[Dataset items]
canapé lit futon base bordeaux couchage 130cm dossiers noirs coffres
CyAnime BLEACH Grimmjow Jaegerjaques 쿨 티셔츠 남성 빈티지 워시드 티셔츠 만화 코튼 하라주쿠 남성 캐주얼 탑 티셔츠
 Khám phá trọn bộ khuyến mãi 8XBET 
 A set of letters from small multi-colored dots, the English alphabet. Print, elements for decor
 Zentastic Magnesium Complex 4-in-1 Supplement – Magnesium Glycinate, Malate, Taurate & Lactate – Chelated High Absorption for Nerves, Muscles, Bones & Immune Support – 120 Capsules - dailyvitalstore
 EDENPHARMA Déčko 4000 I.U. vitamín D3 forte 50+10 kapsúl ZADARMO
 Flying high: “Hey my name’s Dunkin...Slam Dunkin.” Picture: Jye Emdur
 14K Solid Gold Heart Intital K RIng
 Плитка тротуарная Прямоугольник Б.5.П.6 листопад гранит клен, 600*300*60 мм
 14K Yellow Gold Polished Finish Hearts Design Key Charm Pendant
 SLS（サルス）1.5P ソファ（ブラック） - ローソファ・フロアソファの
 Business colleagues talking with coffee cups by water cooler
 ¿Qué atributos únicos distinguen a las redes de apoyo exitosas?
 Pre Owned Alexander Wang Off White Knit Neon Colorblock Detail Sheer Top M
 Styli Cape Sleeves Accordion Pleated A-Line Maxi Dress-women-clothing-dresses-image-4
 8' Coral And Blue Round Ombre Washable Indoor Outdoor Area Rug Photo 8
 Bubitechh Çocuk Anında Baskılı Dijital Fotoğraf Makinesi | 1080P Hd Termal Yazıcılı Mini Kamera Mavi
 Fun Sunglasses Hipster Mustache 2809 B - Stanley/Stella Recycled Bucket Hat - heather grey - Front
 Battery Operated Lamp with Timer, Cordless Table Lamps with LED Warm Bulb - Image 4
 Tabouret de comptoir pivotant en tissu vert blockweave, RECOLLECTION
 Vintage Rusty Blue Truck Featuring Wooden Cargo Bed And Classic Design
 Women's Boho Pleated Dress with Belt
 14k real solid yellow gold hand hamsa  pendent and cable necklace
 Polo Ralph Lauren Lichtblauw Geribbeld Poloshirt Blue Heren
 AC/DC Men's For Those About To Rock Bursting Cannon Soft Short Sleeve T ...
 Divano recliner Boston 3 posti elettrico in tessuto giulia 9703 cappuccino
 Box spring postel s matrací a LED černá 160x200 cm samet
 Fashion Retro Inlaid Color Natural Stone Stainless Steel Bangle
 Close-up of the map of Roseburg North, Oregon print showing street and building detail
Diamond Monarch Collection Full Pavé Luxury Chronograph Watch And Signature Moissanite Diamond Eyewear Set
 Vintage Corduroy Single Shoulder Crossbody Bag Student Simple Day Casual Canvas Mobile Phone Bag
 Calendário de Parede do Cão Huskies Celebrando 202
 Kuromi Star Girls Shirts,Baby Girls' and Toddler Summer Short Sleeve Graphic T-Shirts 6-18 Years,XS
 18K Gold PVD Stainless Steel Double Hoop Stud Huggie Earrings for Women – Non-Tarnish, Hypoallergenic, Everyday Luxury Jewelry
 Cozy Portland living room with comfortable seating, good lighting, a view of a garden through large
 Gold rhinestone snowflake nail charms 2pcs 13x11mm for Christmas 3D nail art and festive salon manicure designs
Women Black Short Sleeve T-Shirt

# WORK INSTRUCTIONS:
Return every line of the entries above that the string "Dress" appears in.

# WRITTEN ANSWER:
 Styli Cape Sleeves Accordion Pleated A-Line Maxi Dress-women-clothing-dresses-image-4
 Women's Boho Pleated Dress with Belt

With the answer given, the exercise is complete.